There are also features which can be added to enhance performance, like UDP GSO, or extensions like the currently in development ACK frequency proposal.

benreesman 2 years ago | |

Thank you kindly for your work. These protocols are critically important and more the more high-quality and open implementations exist the more likely they are to be free and inclusive.

Also, hat tip for such competitive performance on an untuned implementation.

spullara 2 years ago | |

Are there good reasons to use HTTP3/QUIC that aren't based on performance?

zamadatix 2 years ago | | |

I suppose that depends on your definitions of "good" and what counts as being "based on performance". For instance QUIC and HTTP/3 support better reliability via things like FEC and connection migration. You can resume a session on a different network (think going from Wi-Fi to cellular or similar) instead of recreating the session and FEC can make the delivery of messages more reliable. At the same time you could argue both of these ultimately just impact performance depending on how you choose to measure them.

Something more agreeably not performance based is the security is better. E.g. more of the conversation is enclosed in encryption at the protocol layer. Whether that's a good reason depends on who you ask though.

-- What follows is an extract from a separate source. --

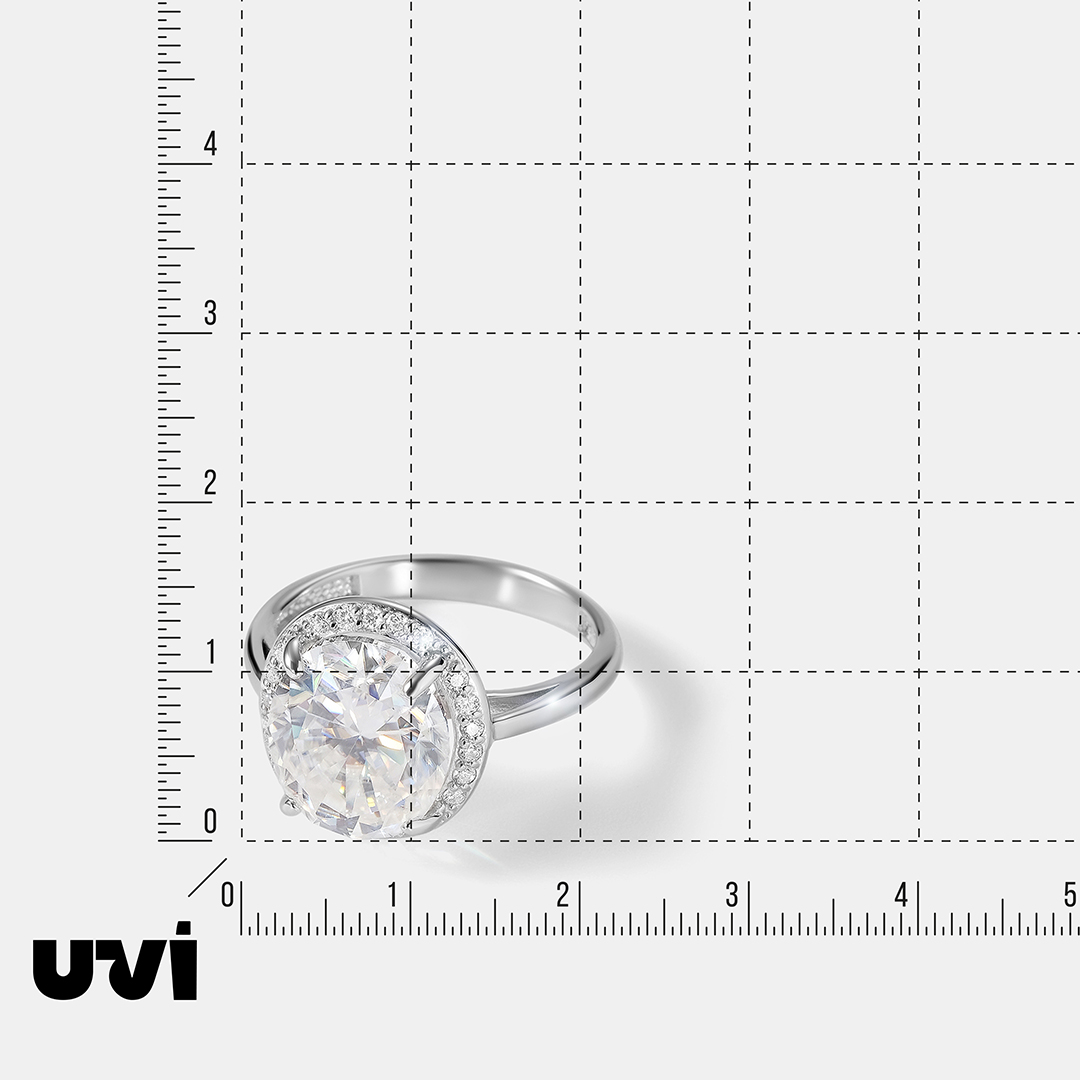Серебряное кольцо с муассанитами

Matthias247 2 years ago | | |

We need to distinguish between performance (throughput over a congested/lossy connection) and efficiency (cpu and memory usage). Quic can achieve higher performance, but will always be less efficient. The linked benchmark actually just measures efficiency since it’s about sending data over loopback on the same host

o11c 2 years ago | | |

TCP has at least one unfixable security exploit: literally anybody on the network can reset your connection. Availability is 1/3 of security, remember.

foofie 2 years ago | |

How awesome is that? Thank you for all your harf work. It's thanks to people such as yourself that the whole world keeps on working.

Obligatory:

https://xkcd.com/2347/

vitus 2 years ago |

It is promising to see that openssl-quic serial throughput is within 10-20% of more mature implementations such as quiche. (Which quiche, though? Is this Google's quiche, written in C++, or Cloudflare's quiche, written in Rust? It turns out that's approximately the only word that starts with "quic" that isn't a derivative of "quick".)

One of QUIC's weaknesses is that it's known to be much less CPU efficient, largely due to the lack of things like HW offload for TLS.

> Also, the HTTP/1.1 numbers are a bit unfair since they do run 50 TCP connections against the server.

To emphasize this point: no modern browser will open 50 concurrent connections to the same server for 50 GET requests. You'll see connection pooling of, uh, 6 (at least for Chrome and Firefox), so the problems of head-of-line blocking that HTTP/2 and HTTP/3 attempt to solve would have manifested in more realistic benchmarks.

Some questions I have:

- What kind of CPU is in use? How much actual hw parallelism do you have in practice?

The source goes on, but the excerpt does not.